When I’d begun to think I’d run and be a nun

I met the one man for me

And now just when the sun is starting to beam

Along comes a girl, zip goes a dream!

What will I do away from you?

I feel the future will be blue and stormy

Dense and dazzling rhyming like that has virtually disappeared from our theatre during my lifetime. And to say I’m miffed would be an understatement.

But you know what’s come back recently? Novelty ukulele-playing. This relatively easy-to-play instrument sounds and seems perilously close to being a child’s toy. And yet, delightfully, it’s showing up in pop music. So, that’s something to celebrate.

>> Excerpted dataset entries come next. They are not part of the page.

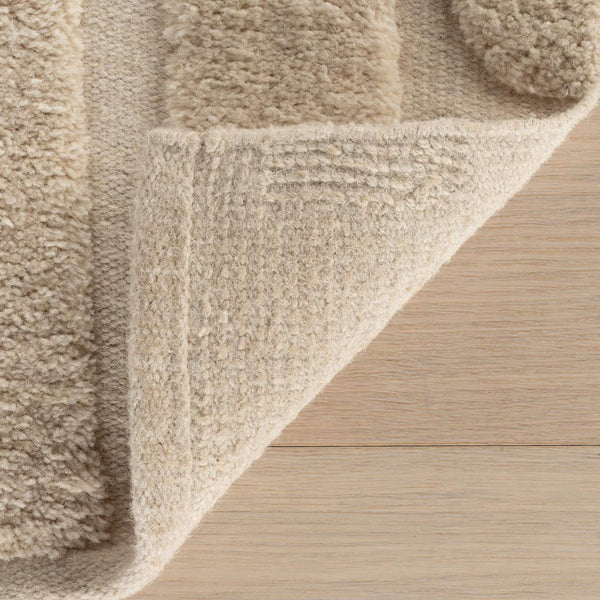 dash albert ais da2530 ivory hand tufted wool rug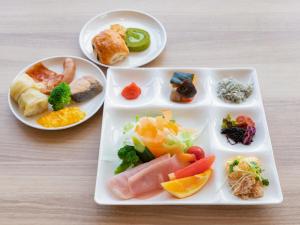 ein Tablett mit verschiedenen Arten von Lebensmitteln auf einem Tisch in der Unterkunft LiVEMAX RESORT Atami Sea Front in Atami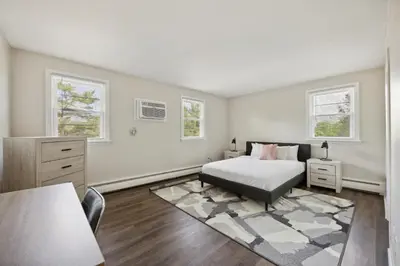 a bedroom with a bed and a dresser and two windows at Pine Brook 502 I Pool Gym I Free Parking ! in Newark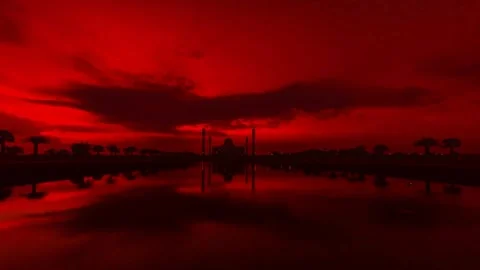 Fiery Sunset Silhouette of Mosque and Palm Trees Reflected in Water Video stock 310375555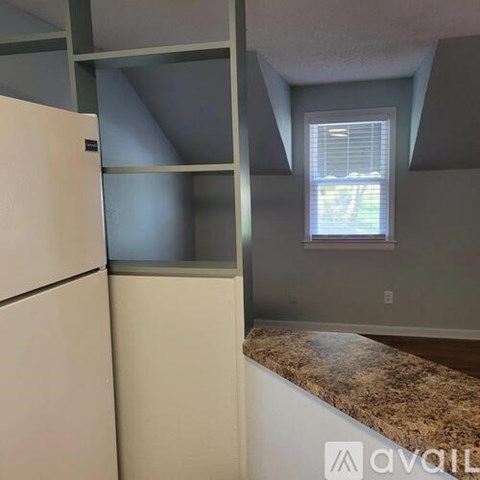 A kitchen with a granite counter and a window.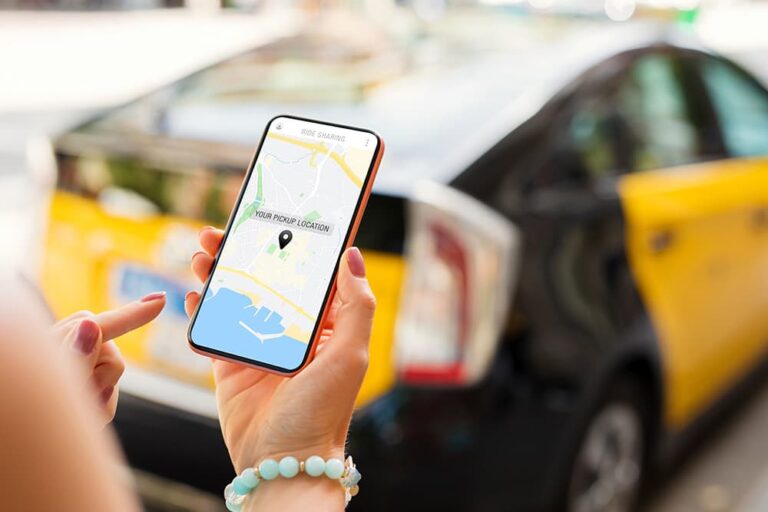 タクシーの前でライドシェアアプリの地図を操作するスマートフォン画面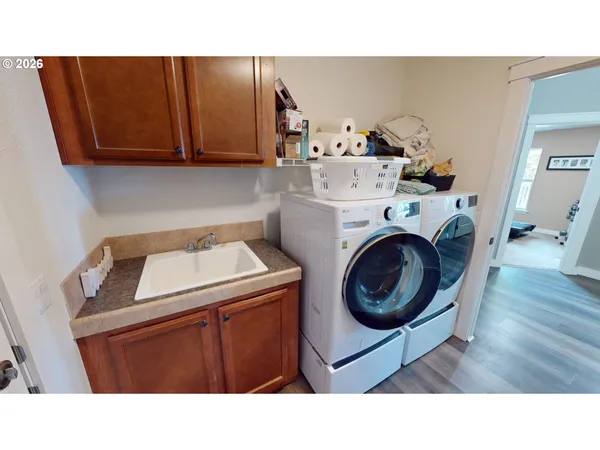 a bathroom with a sink a washer and dryer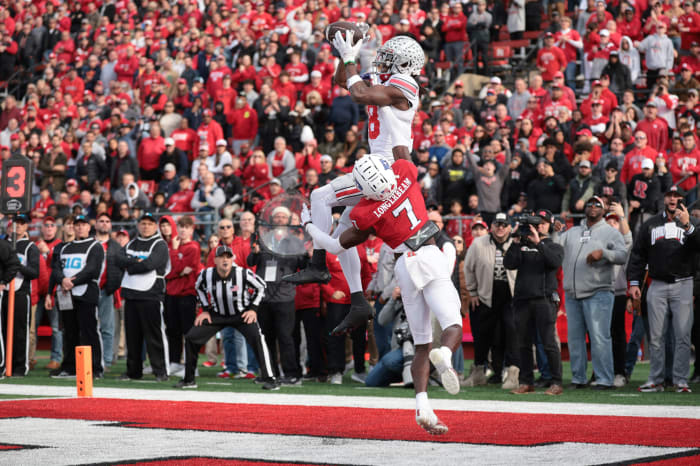 Marvin Harrison Jr. jumps up to catch the ball in the endzone while another player reaches up to try to pull him down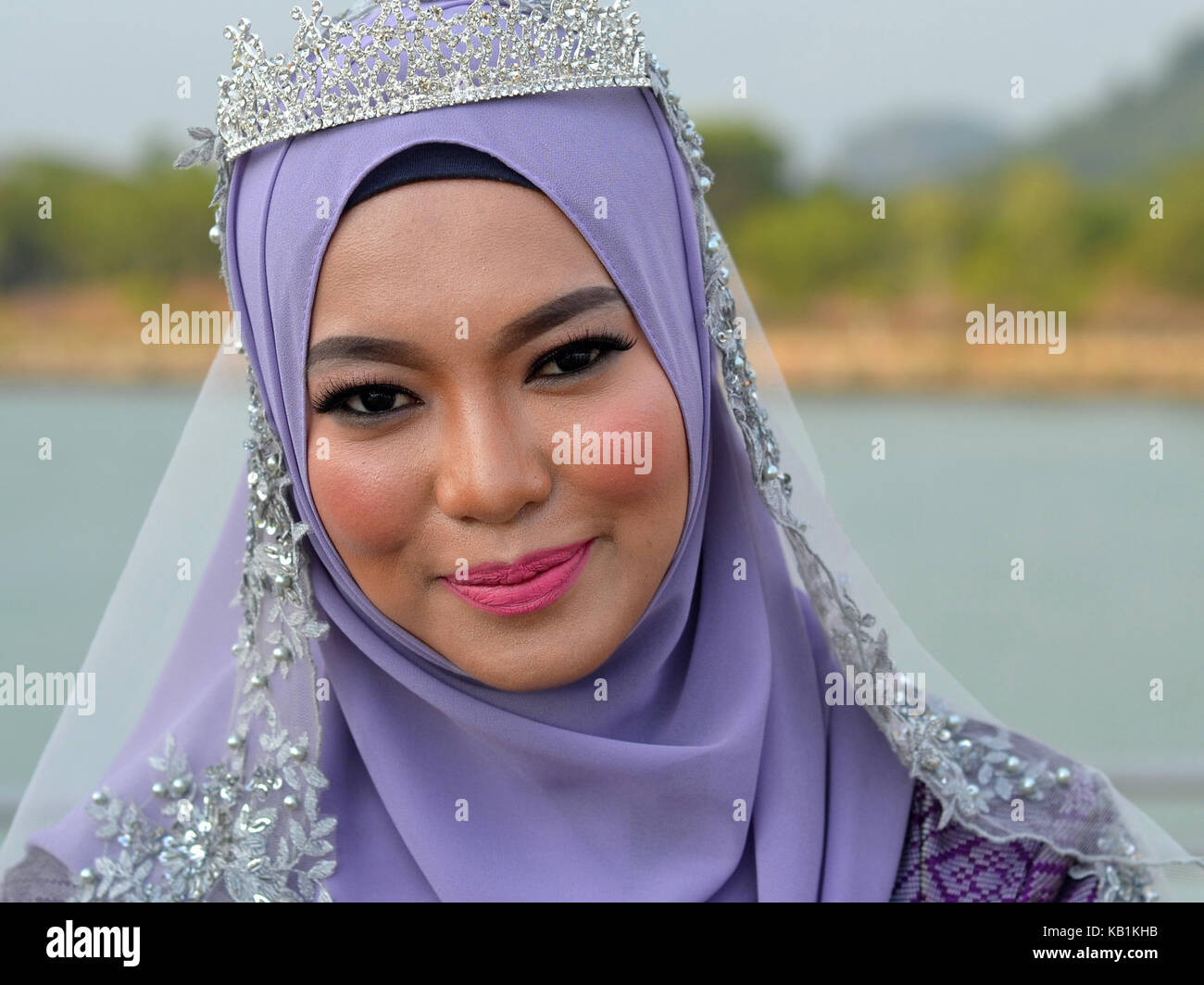 Belle Mariée Malais musulmans traditionnels élaborés avec le maquillage, le port d'un hijab mariée bleu clair avec microphone et de mariée robe de mariage bleu Banque D'Images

In 1924, one of the biggest stars on Broadway was a guy who played the ukulele like a virtuoso. He had a strange (to my ears) and high voice, and, on any recording, spends a lot of time using it to imitate other instruments. Think of a less cool Bobby McFerrin, full of homespun personality and charm. Cliff Edwards is most likely remembered today as Disney’s voice of Jiminy Cricket, but that was long after his period of stardom. The Gershwins, along with book-writers Guy Bolton and Fred Thompson, knew the audience loved the Astaires and Edwards. So, Lady Be Good is constructed (if you can use that verb) to give a brother-and-sister dancing pair plenty of chances to dance, and Ukulele Ike a couple of chances to dazzle, alone on stage.

And, alas, here’s where Encores! makes a critical mistake. The sibling dancers are played by Danny Gardner and Patti Murin (she was Lysistrata Jones a few years ago) and they’re fine. But instead of a ukuleleist, they got the idiosyncratic tap star of yesteryear, Tommy Tune. So, you’re watching a show in which song after song is an opportunity for a spirited pas-de-deux, and, then, to break up the potential monotony, we get an older gentleman doing a low-energy tap. Look: I appreciate Tommy Tune as much as the next guy, but, to me, watching one tall man dancing doesn’t really provide any respite from watching normal-sized people dancing. As a result, the Encores! version of a show few of us are ever likely to see again, lags where it ought to soar. In the second act the plot (such as it is) stops so that the three stars can do two specialty numbers; with so little contrast between the two “specials” the charm fizzles, and you know 90 years ago it would have been just the opposite.

My mild rebuke: no charming kook who strums a uke could grace their nuclear fam’ly.